Richard Marsh: Purely in terms of pulling together a set of Government and economic accounts, we would probably try to look at where people are based and where their normal place of work would be and where the base is for that vessel rather than where it normally sails.

Q2351Lindsay Roy: But the point I am making is that it would not necessarily be an accurate reflection of deployment.

Richard Marsh: That is a fair point.

Q2352Pamela Nash: I want to pursue these figures. I appreciate that they were not your original figures, but, as you said, it is difficult to try to ascertain the line between what is Scottish and what is British protection. Do these figures take into consideration the protection of Scotland as a land mass, not just what is spent on defence but the level of protection that the country has, and also in terms of NATO membership? Is it just manpower and equipment, or are we looking at the benefits we get from the defence forces in the UK?

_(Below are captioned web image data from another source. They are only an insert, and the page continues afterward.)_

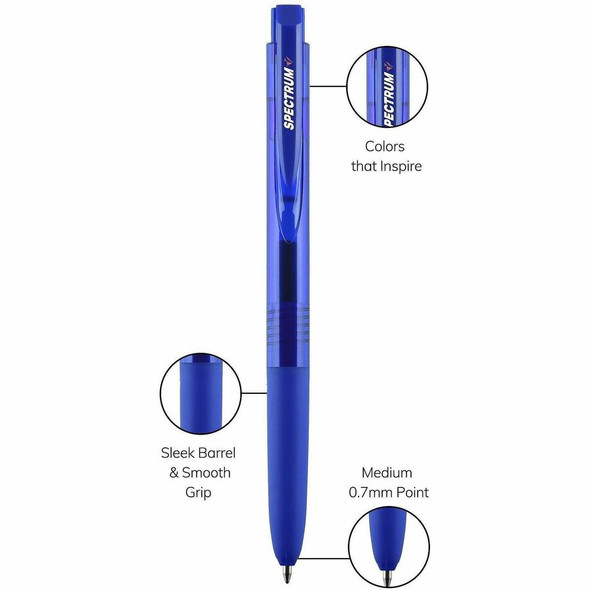 uniball&#8482; Spectrum Gel Pen - 0.7 mm Medium Pen Point - Blue Ink - Gel-based - 1 Dozen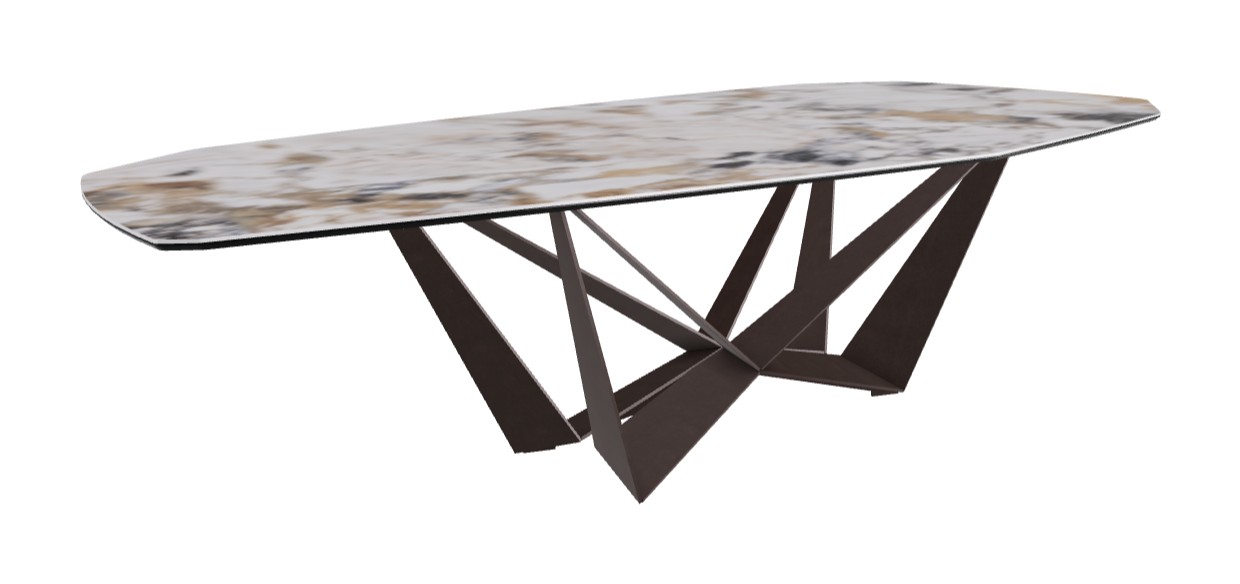Cattelan Italia Skorpio Keramik Biscuit & Polygon Shaped Dining Table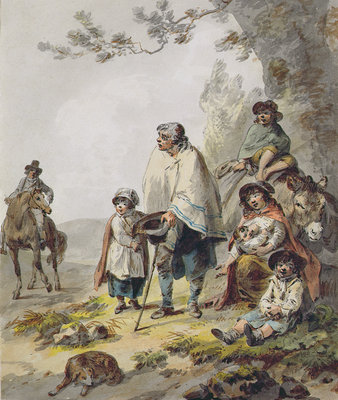 A Gypsy Family by Julius Caesar Ibbetson - print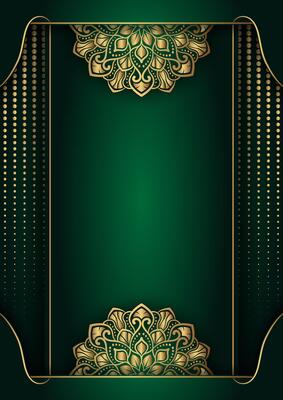luxury green background, with gold mandala ornaments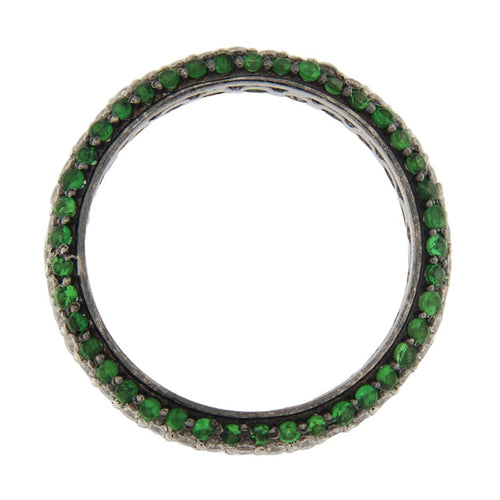Bague 54 Guidetti - Bague eternity en or blanc avec diamants et tsavorites 58 Facettes G3669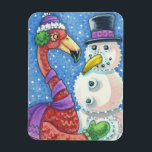 ÍMÃ PINK FLAMINGO SNOWMAN CHRISTMAS MAGNET<br><div class="desc">TRAGA UM SORRISO PARA SEUS FERIADOS COM ESTE FAZER DE NEVE FLAMINGO MAGNET ... Procure Itens Correspondentes Susan Brack Design</div>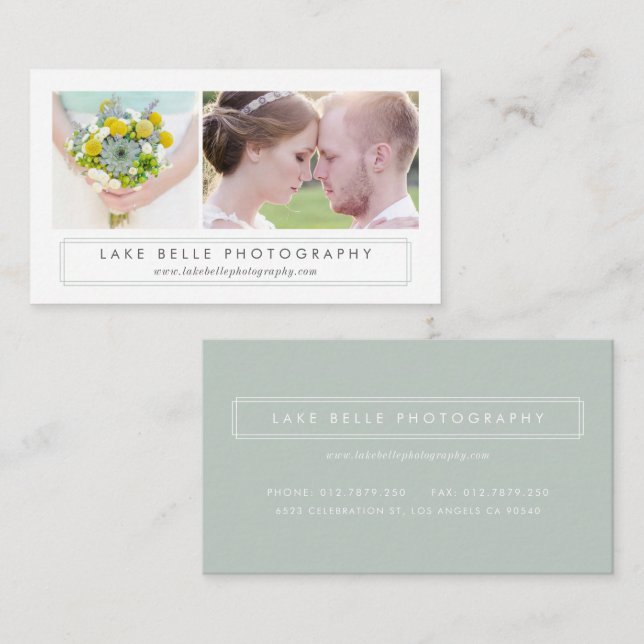Tarjeta De Visita Sage Green Minimalist Two Photo Layout Modern (Anverso / Reverso)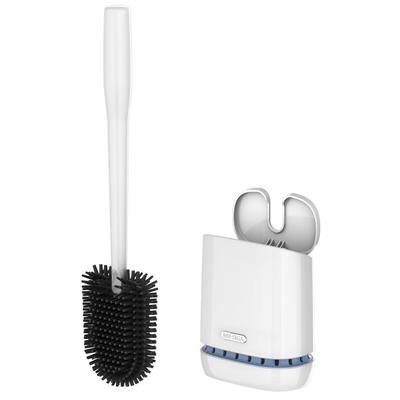 Toilet Cleaning Brush and Durable and Flexible No Toilet Brush Bathroom Cleaning 1 Set MR.SIGA Bracket, Brush, Scratching, Wall-Mounted Brush, White,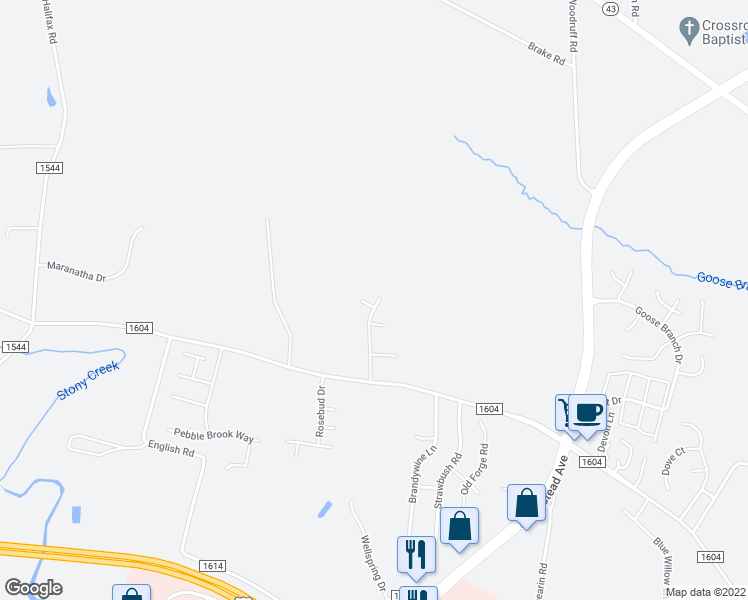 map of restaurants, bars, coffee shops, grocery stores, and more near 2602 Mallard Court in Rocky Mount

Richard Marsh: That would be incredibly difficult to do-I think probably impossible.

Q2353Pamela Nash: It is probably much higher than the figures that we have. The point I am trying to make is that it would be extremely difficult, so I am assuming that those have not been taken into consideration in these GERS figures before; they have not been included.

Richard Marsh: Given the lack of data, we would need to take a very heroic leap to say they would be higher or lower. The data that you have there is a sizeable sum. As we point out in the paper, if you adopted the model we suggest, in some years that might be enough to flip Scotland’s operating budget from surplus to deficit, and vice versa. To have it allocated on a population basis is not desirable. If you wanted to improve the quality of the statistics presented, you would probably want to give some time and attention to this particular area.

Q2354Pamela Nash: Are those figures that the Ministry of Defence would have to provide, or do you think it would be possible to analyse this? Is there enough public information to make that calculation? I realised that was a bit simple.

Richard Marsh: at the moment, you have simply a UK figure broken down into how many people are living in Scotland relative to the whole UK. Given that we know where some of the bases are-Stuart has alluded to some of the issues of secrecy-and broadly some of the activities for which these assets are deployed, it would seem that any reasonable attempt to try to do something would be an improvement on what we currently have there on Scotland’s books.

Pamela Nash: That is quite interesting.

Q2355Chair: At the moment, nobody can make a realistic statement that Scotland either is or is not getting its fair share of either the money spent or the protection being afforded. That is the issue, is it not? How do you know exactly where all the money is spent? In terms of protection afforded, how do you allocate all that out? Where are the submarines and all the rest of it? All of this is entirely hypothetical at the moment, isn’t it, and presumably it is only if you have a separate country that runs its own separate accounts that you would be able to identify what it was doing for itself, but when it is in an agglomeration with overlaps and cross-cutting cleavages it is all just figures grabbed out of the air?

Richard Marsh: I agree with much of that. The point of putting in this table is that currently the overall publication is the one used to say whether or not Scotland’s Government is in deficit or surplus. It is a useful figure to say, "Here is what would happen to spending patterns in the case of an independent Scotland that had to defend itself."

Q2356Chair: Does it make sense in defence terms to say that different portions of the country should get a pro rata proportion of the spend? If all the technical issues about allocating it to the right place were overcome, is that the right way of doing it? I know that when it comes to procurement the United States, by a process of log-rolling, pork-barrelling and all the rest of it, can identify where lots of things are spent. But we have never tended to go down that route, have we?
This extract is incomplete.